Repeat the data as given. Images do not go in the copy.

- [Supplied material]:
++++++++++
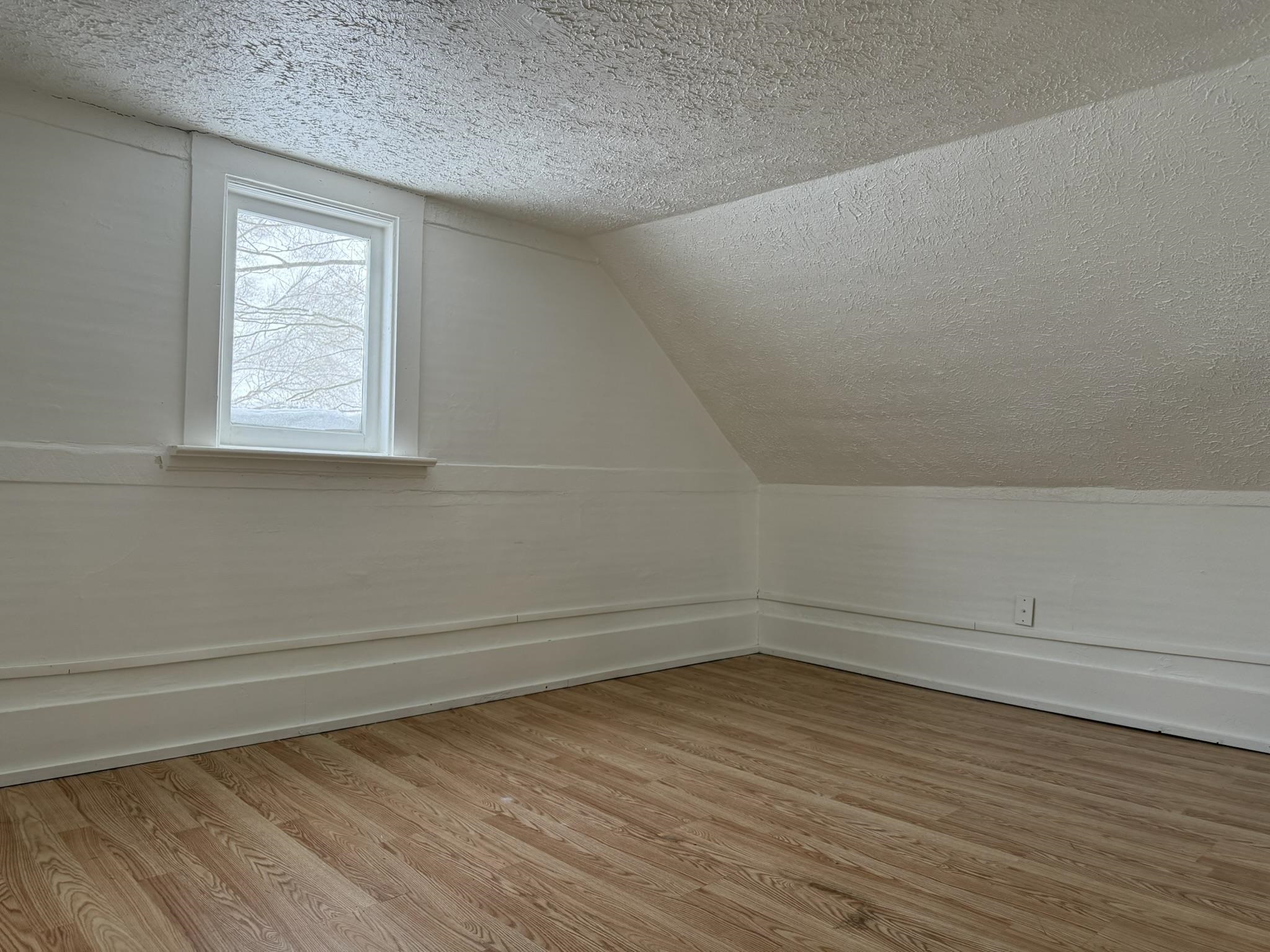 1583 State Street Property Photo 14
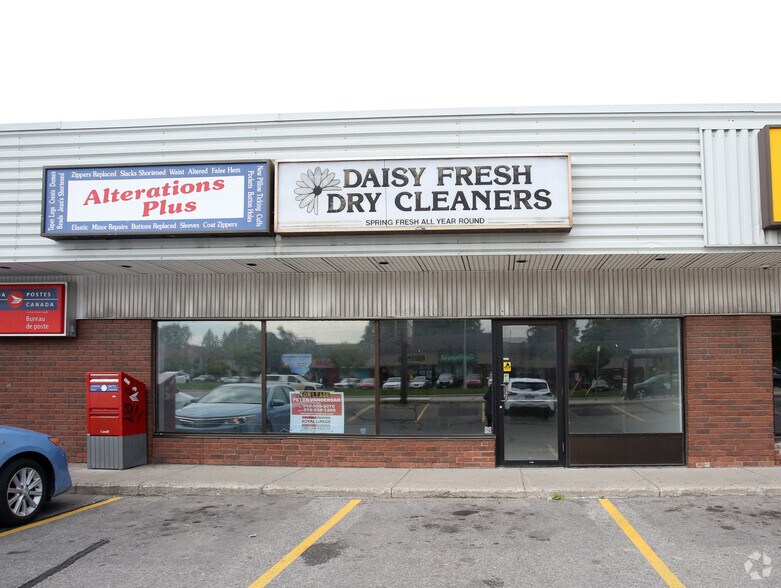 3-11 Huron St, Woodstock, ON à louer - Photo de l’immeuble – Image 2 sur 4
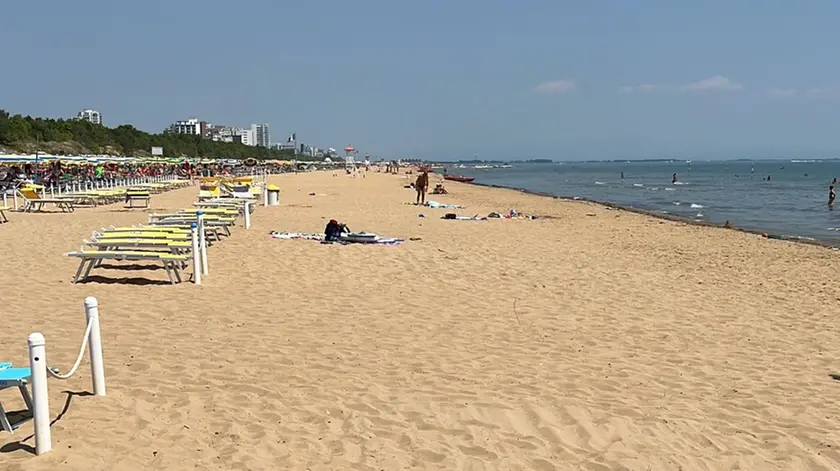 La zona della spiaggia di Lignano dove l'anziano si è sentito male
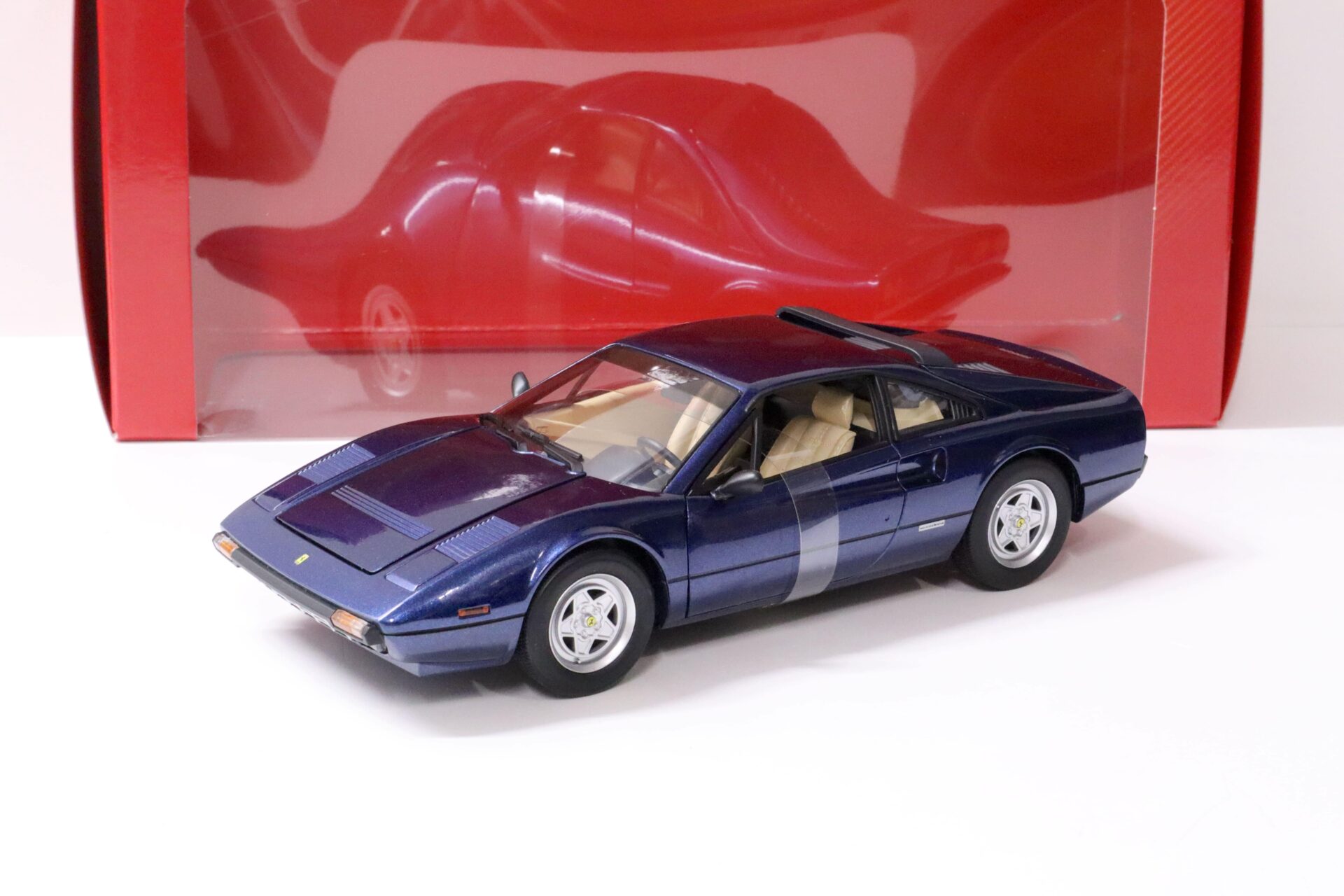 1:18 Hot Wheels Ferrari 308 GTB Coupe blue metallic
++++++++++
- [Task response]:
 1583 State Street Property Photo 14
 3-11 Huron St, Woodstock, ON à louer - Photo de l’immeuble – Image 2 sur 4
 La zona della spiaggia di Lignano dove l'anziano si è sentito male
 1:18 Hot Wheels Ferrari 308 GTB Coupe blue metallic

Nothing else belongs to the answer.